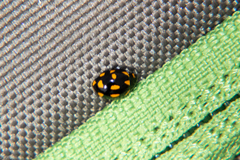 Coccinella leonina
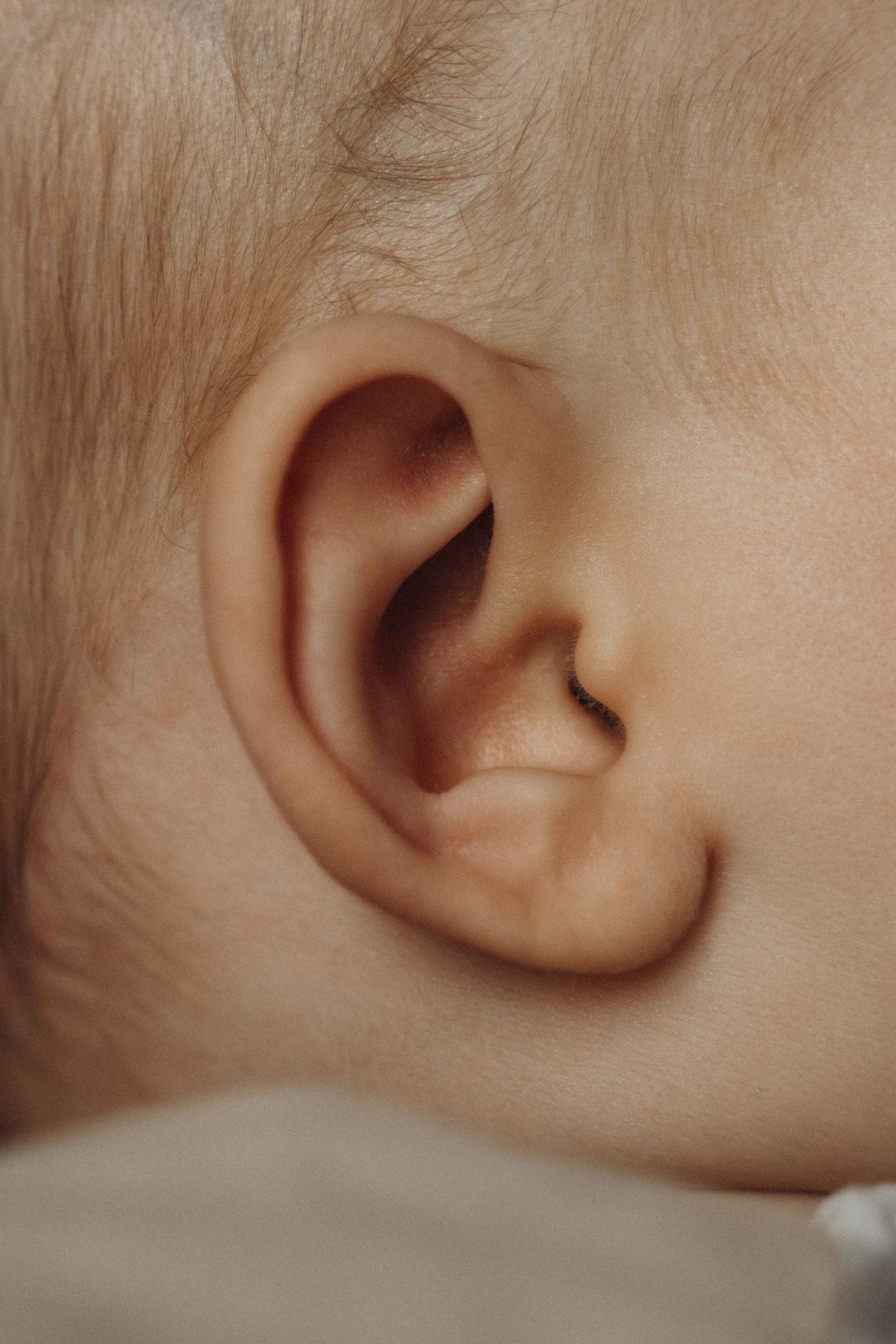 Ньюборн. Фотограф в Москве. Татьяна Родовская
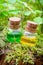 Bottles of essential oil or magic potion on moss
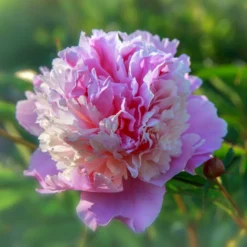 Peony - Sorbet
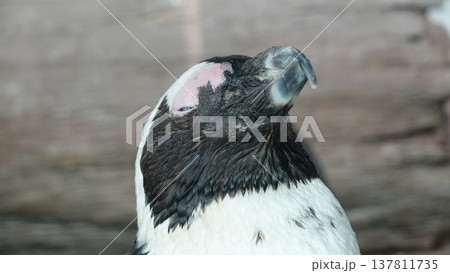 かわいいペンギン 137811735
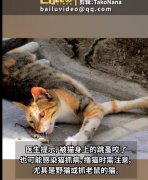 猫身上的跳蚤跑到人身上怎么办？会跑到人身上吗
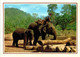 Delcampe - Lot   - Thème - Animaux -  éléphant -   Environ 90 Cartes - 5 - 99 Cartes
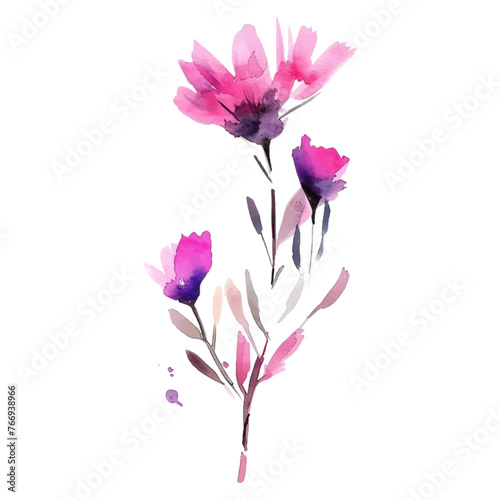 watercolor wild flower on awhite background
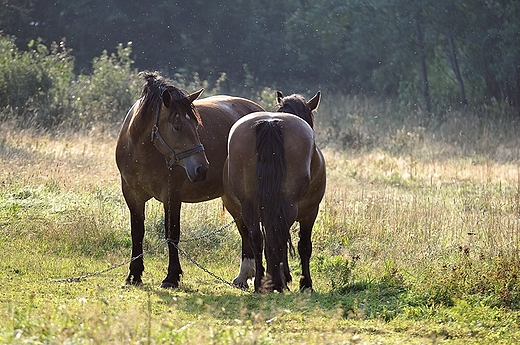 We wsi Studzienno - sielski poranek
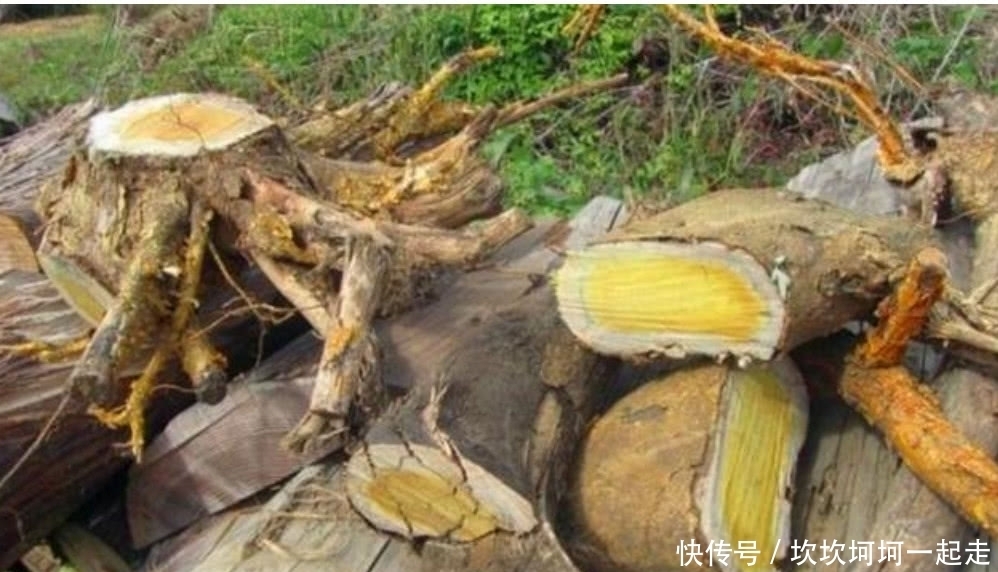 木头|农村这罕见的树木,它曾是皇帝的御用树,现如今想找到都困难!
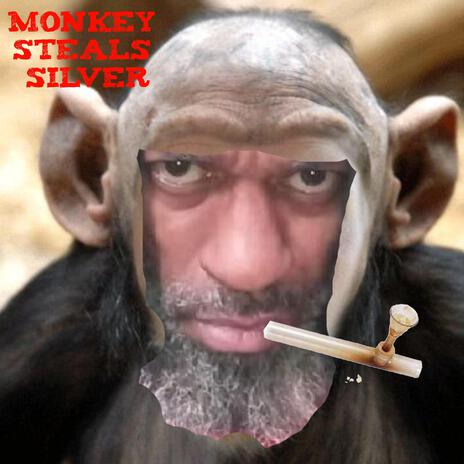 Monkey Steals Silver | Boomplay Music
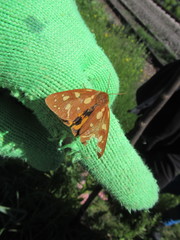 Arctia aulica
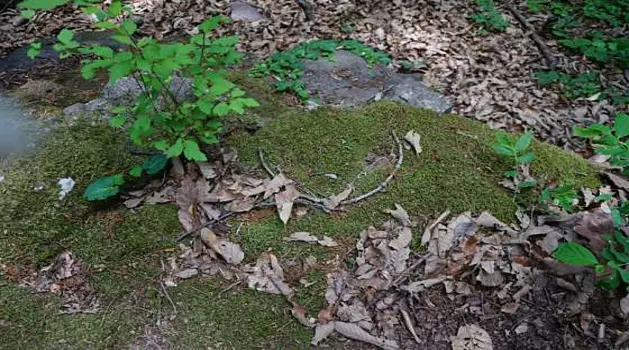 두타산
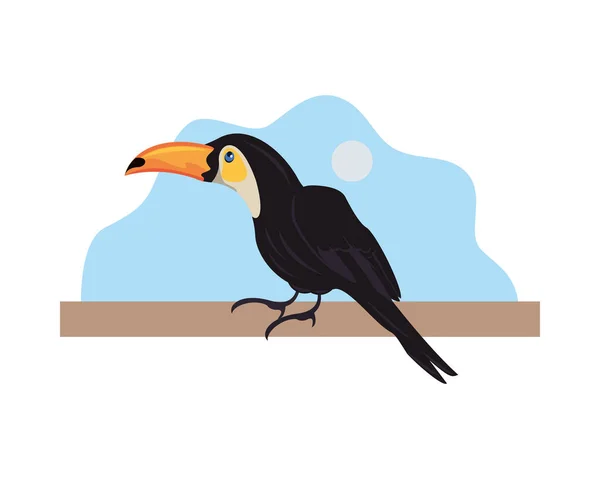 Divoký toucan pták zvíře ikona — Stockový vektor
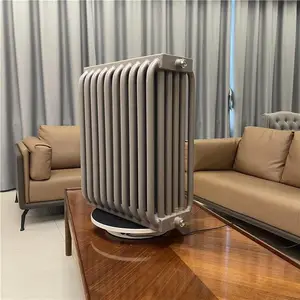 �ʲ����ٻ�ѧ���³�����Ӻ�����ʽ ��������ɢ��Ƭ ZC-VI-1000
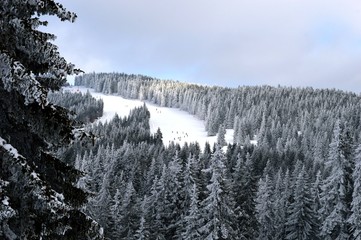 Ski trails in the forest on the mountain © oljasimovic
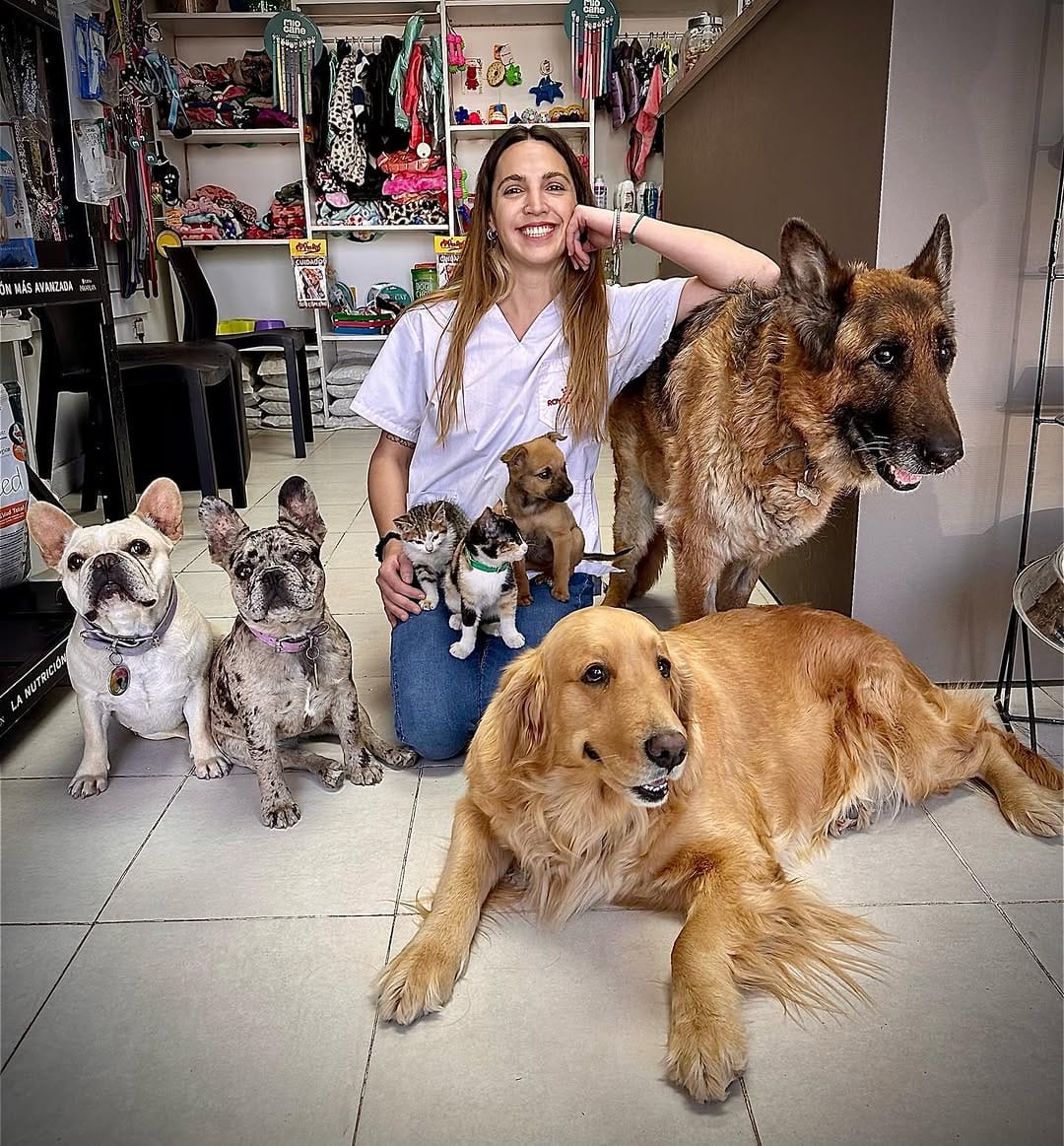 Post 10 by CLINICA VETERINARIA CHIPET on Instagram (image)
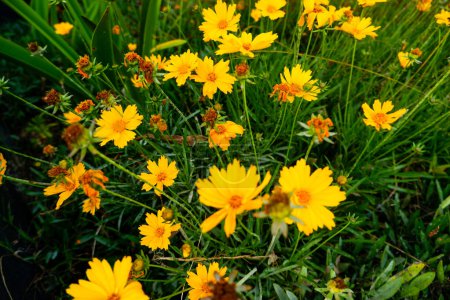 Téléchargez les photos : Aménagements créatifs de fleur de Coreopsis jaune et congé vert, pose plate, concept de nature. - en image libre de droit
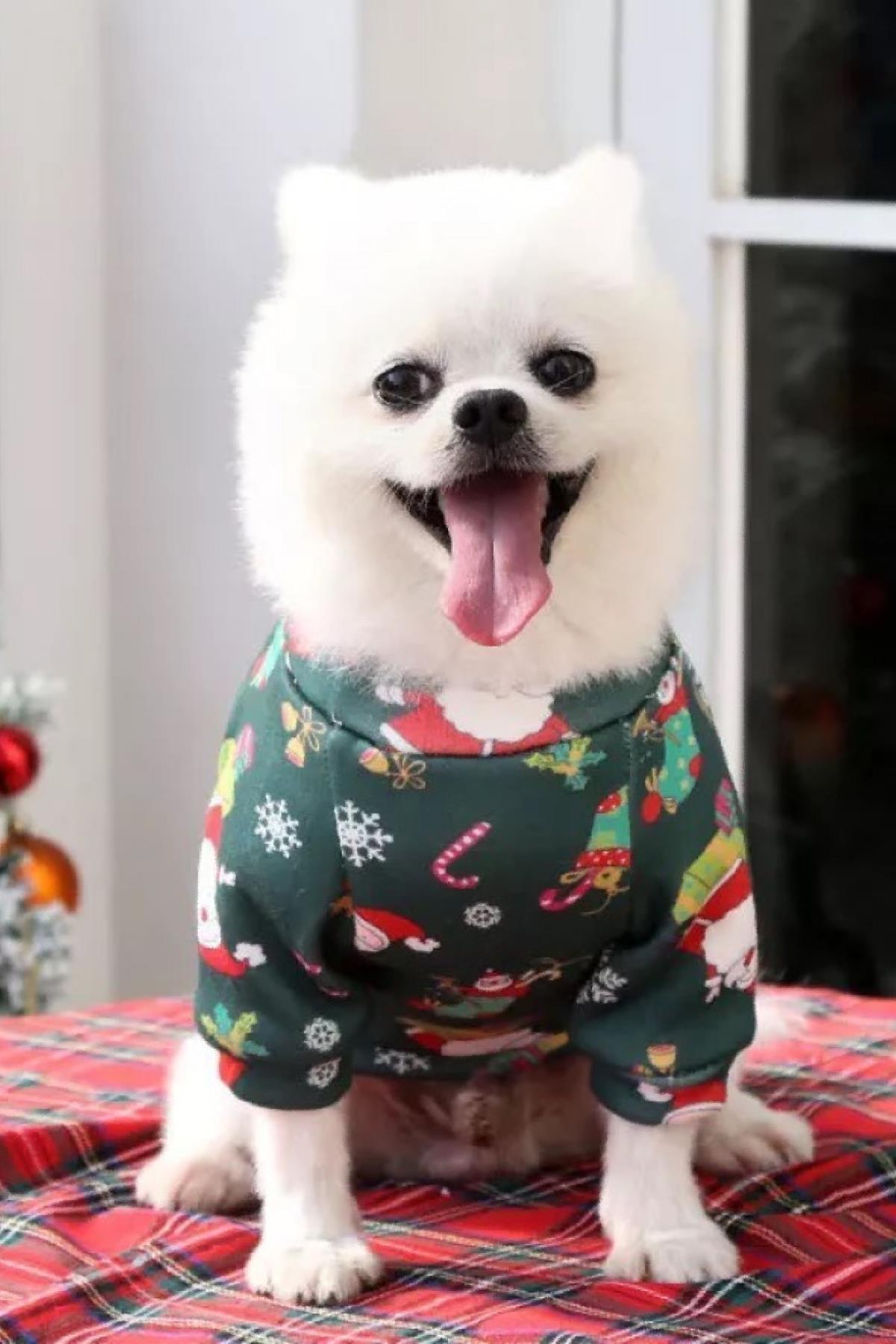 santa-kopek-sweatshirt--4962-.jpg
====
# [Exercise brief]
Exactly and only the lines from the top of the records down to the line containing "Delcampe - Lot" should be transcribed, please, without the pictures.

# [Problem solution]
 Coccinella leonina
 Ньюборн. Фотограф в Москве. Татьяна Родовская
 Bottles of essential oil or magic potion on moss
 Peony - Sorbet
 かわいいペンギン 137811735
 猫身上的跳蚤跑到人身上怎么办？会跑到人身上吗
 Delcampe - Lot   - Thème - Animaux -  éléphant -   Environ 90 Cartes - 5 - 99 Cartes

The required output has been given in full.